Please output exactly the lines below, starting at the line that has "You can download" and ending at the line that has "In this example, we", both included; leave out all pictures and include nothing else.

##########

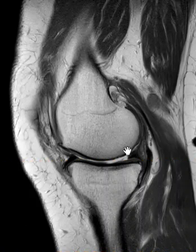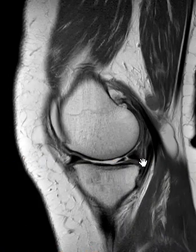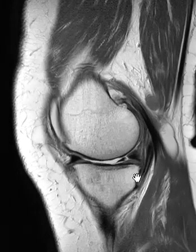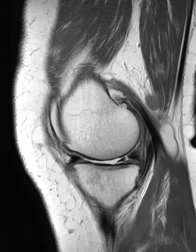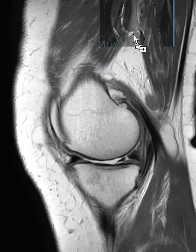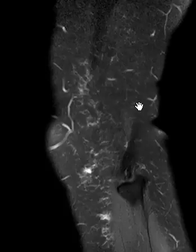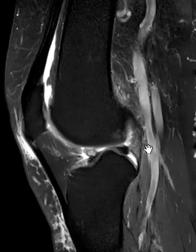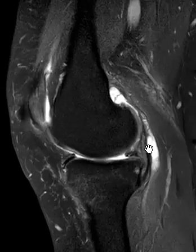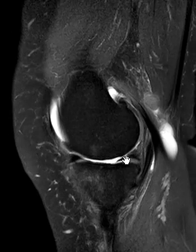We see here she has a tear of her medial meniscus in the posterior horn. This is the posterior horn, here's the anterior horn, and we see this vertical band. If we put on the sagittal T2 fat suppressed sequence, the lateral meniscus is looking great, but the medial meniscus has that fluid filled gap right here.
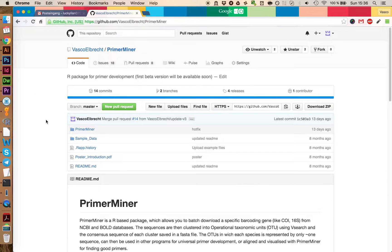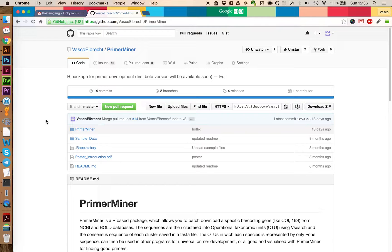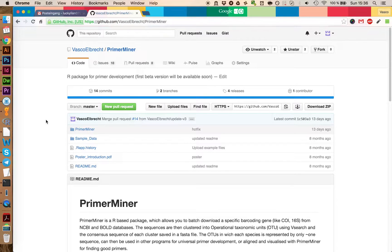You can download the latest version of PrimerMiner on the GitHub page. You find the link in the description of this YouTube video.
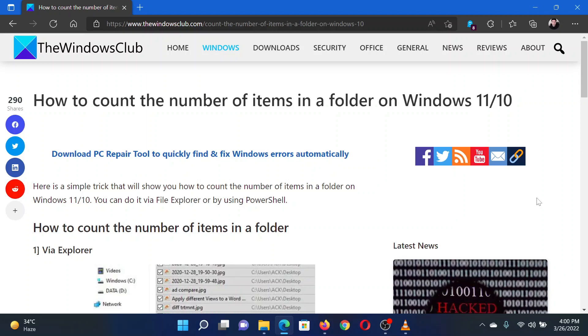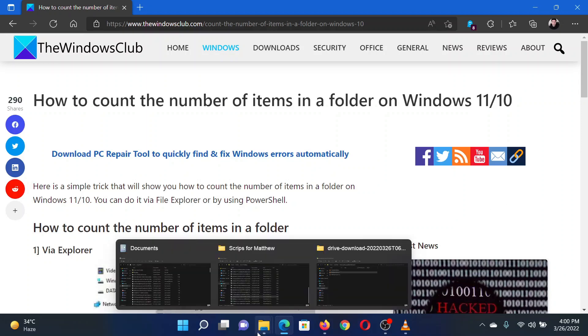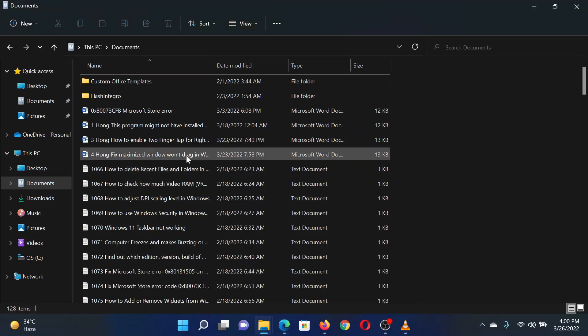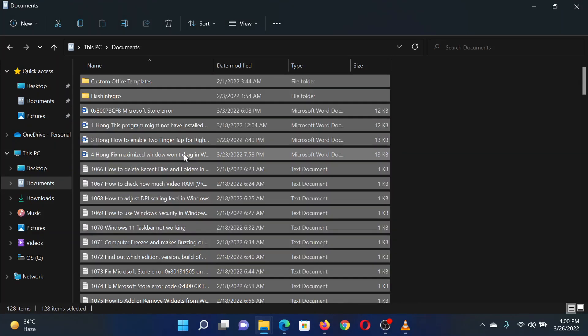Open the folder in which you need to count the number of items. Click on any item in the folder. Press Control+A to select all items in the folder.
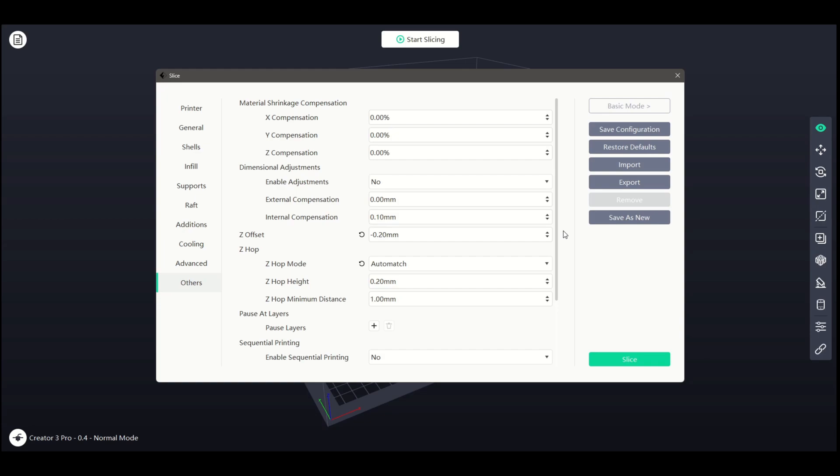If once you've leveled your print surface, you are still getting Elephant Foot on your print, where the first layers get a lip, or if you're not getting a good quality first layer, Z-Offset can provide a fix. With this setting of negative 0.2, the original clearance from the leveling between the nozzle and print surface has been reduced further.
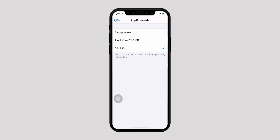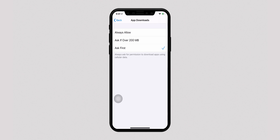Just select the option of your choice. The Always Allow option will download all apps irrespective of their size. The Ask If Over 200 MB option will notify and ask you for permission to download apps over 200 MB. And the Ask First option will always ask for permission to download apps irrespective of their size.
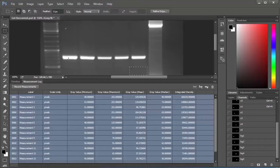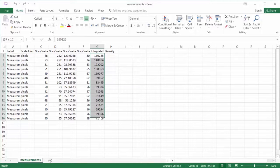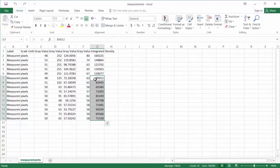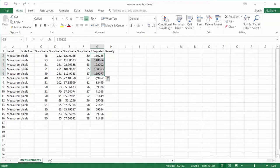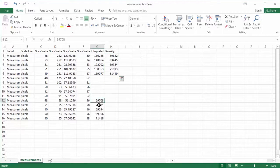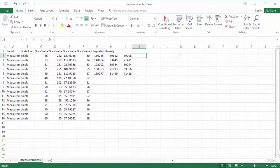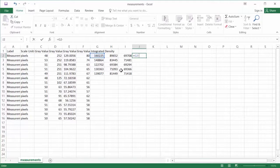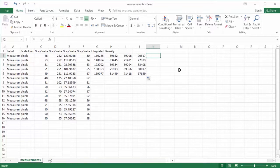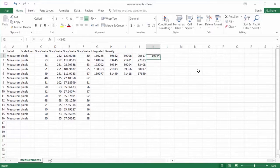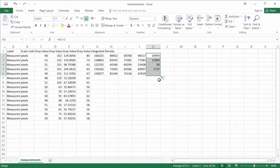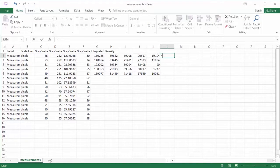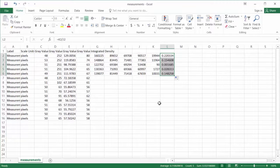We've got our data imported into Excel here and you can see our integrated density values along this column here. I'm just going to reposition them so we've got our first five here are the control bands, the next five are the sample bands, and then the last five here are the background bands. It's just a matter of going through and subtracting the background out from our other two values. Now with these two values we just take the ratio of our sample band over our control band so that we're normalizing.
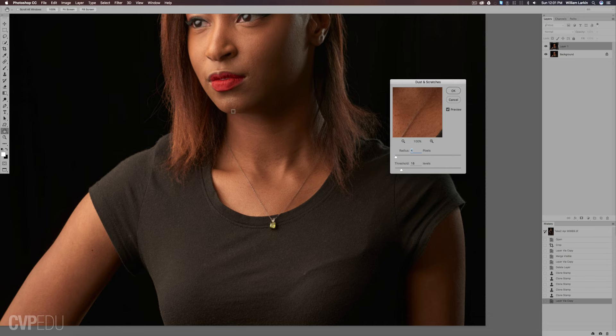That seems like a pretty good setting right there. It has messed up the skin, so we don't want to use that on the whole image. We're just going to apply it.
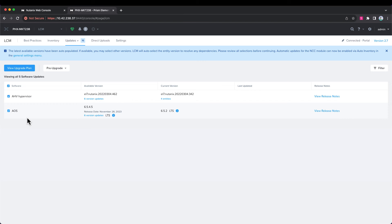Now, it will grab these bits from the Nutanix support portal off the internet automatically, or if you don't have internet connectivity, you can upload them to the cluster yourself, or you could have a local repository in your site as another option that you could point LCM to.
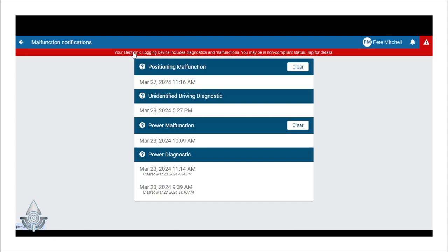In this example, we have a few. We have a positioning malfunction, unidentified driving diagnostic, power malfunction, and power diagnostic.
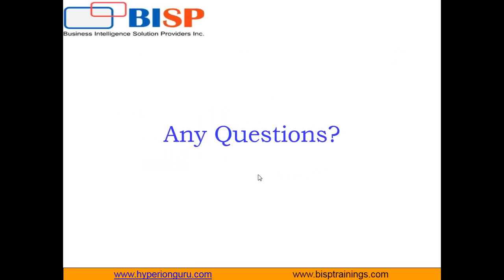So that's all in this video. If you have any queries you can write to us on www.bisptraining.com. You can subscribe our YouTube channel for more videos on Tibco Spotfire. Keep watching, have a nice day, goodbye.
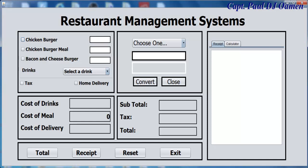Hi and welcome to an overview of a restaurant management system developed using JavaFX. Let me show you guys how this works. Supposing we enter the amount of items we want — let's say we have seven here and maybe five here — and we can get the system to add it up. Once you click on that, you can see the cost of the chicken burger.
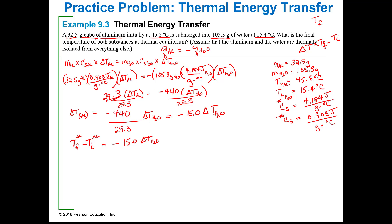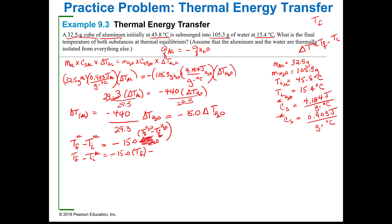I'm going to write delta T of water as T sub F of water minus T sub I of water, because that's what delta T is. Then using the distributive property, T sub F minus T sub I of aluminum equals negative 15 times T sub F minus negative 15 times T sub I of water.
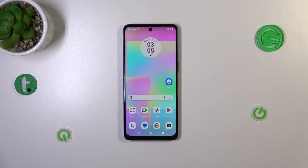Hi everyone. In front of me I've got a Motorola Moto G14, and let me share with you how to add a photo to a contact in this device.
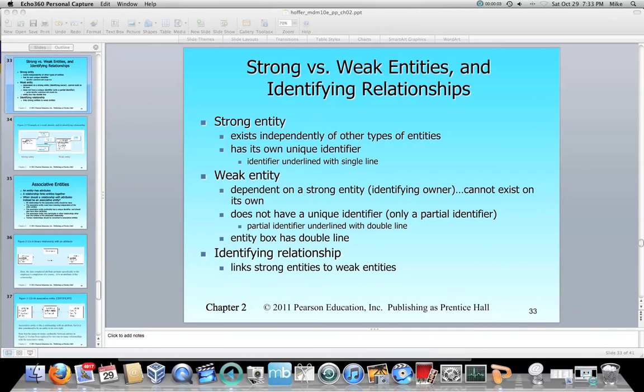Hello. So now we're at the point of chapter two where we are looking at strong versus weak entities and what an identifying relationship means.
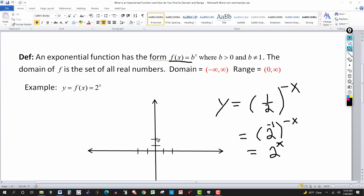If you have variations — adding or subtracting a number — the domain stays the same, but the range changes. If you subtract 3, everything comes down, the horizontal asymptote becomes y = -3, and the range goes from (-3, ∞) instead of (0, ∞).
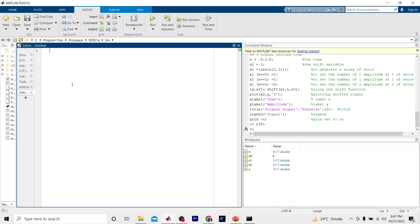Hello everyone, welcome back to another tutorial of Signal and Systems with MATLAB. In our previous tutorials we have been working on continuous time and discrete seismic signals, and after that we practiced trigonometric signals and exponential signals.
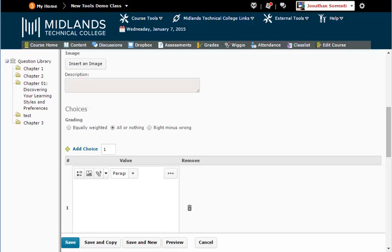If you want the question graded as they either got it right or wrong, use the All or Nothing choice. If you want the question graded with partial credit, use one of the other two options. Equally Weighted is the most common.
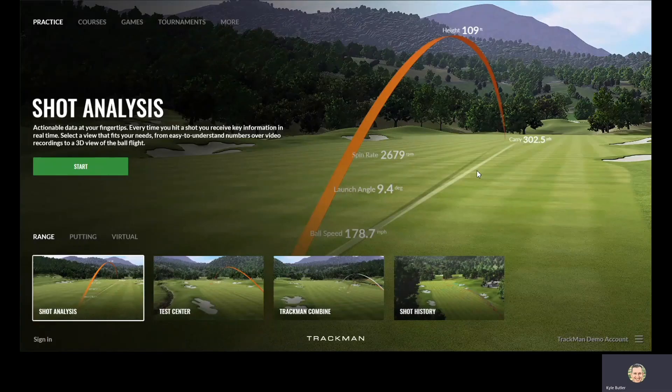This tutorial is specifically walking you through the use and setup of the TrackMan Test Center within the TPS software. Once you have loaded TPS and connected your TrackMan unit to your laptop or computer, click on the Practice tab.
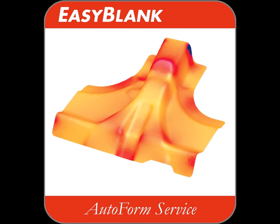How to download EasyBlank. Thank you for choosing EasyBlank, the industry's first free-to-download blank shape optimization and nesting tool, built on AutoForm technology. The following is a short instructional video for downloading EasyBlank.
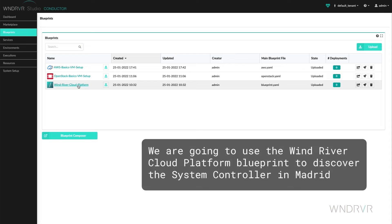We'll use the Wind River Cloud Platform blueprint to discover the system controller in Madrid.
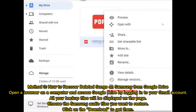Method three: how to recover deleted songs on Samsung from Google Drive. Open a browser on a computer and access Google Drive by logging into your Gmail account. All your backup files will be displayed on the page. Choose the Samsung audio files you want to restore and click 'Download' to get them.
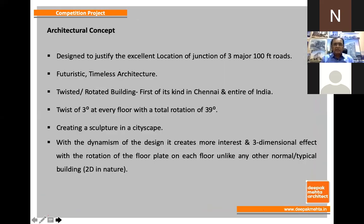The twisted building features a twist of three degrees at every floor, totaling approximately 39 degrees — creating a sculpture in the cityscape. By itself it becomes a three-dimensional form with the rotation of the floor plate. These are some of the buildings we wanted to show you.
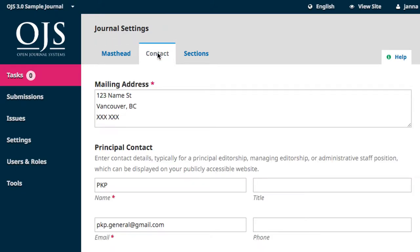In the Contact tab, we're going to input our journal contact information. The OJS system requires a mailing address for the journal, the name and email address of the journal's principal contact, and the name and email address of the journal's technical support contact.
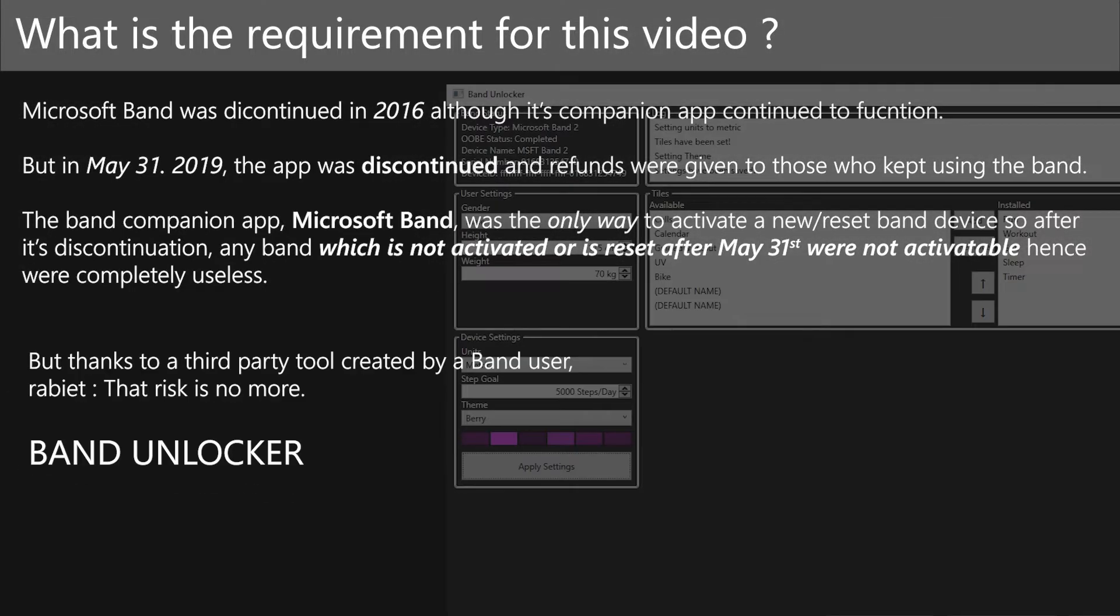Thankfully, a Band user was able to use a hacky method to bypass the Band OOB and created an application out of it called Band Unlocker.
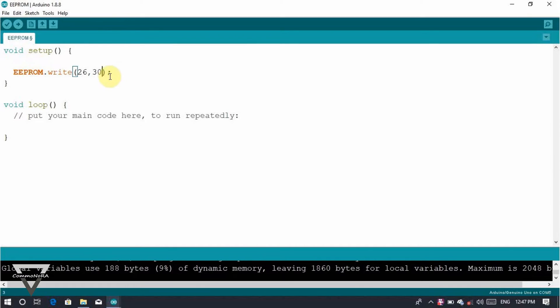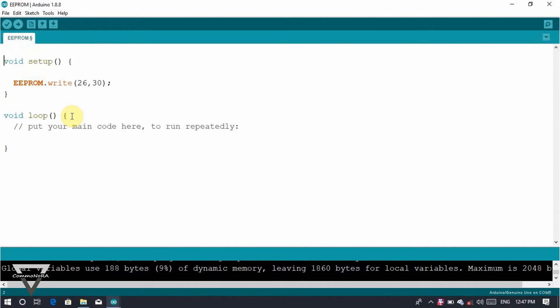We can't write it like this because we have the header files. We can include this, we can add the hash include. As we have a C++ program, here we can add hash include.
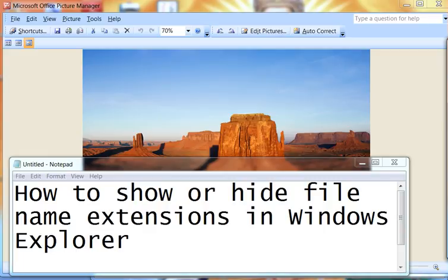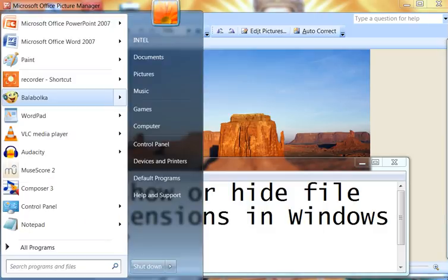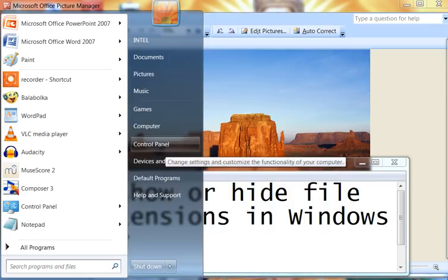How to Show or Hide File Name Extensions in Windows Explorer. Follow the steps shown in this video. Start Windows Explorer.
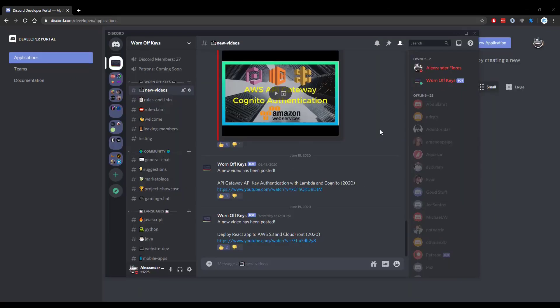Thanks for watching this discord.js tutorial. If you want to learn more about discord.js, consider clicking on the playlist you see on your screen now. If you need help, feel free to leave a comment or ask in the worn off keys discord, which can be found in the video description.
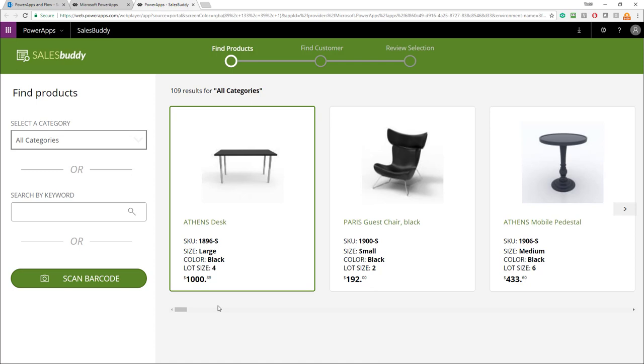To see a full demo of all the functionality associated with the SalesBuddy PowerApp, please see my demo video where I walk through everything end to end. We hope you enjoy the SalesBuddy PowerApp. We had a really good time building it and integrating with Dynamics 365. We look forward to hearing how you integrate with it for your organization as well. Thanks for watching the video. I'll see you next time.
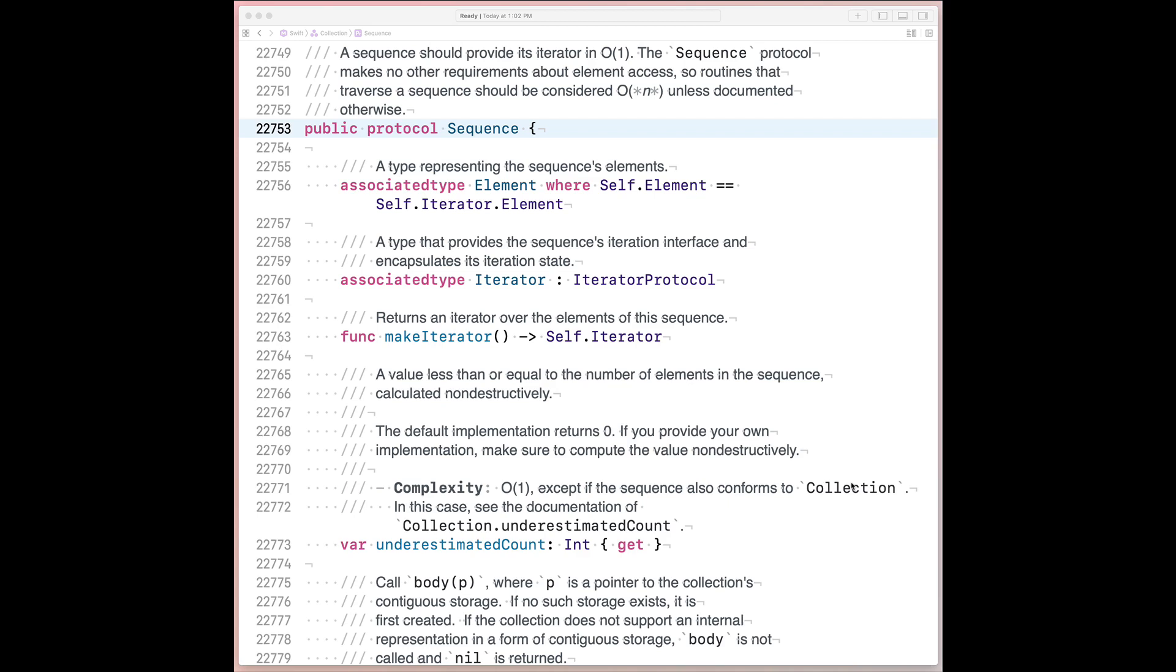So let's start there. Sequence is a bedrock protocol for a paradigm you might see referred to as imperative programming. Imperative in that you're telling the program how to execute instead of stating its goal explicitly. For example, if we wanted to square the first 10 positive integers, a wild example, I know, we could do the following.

##########

Final answer:
You can download the latest version of PrimerMiner on the GitHub page. You find the link in the description of this YouTube video.
Open the folder in which you need to count the number of items. Click on any item in the folder. Press Control+A to select all items in the folder.
If once you've leveled your print surface, you are still getting Elephant Foot on your print, where the first layers get a lip, or if you're not getting a good quality first layer, Z-Offset can provide a fix. With this setting of negative 0.2, the original clearance from the leveling between the nozzle and print surface has been reduced further.
Just select the option of your choice. The Always Allow option will download all apps irrespective of their size. The Ask If Over 200 MB option will notify and ask you for permission to download apps over 200 MB. And the Ask First option will always ask for permission to download apps irrespective of their size.
We've got our data imported into Excel here and you can see our integrated density values along this column here. I'm just going to reposition them so we've got our first five here are the control bands, the next five are the sample bands, and then the last five here are the background bands. It's just a matter of going through and subtracting the background out from our other two values. Now with these two values we just take the ratio of our sample band over our control band so that we're normalizing.
That seems like a pretty good setting right there. It has messed up the skin, so we don't want to use that on the whole image. We're just going to apply it.
Now, it will grab these bits from the Nutanix support portal off the internet automatically, or if you don't have internet connectivity, you can upload them to the cluster yourself, or you could have a local repository in your site as another option that you could point LCM to.
In this example, we have a few. We have a positioning malfunction, unidentified driving diagnostic, power malfunction, and power diagnostic.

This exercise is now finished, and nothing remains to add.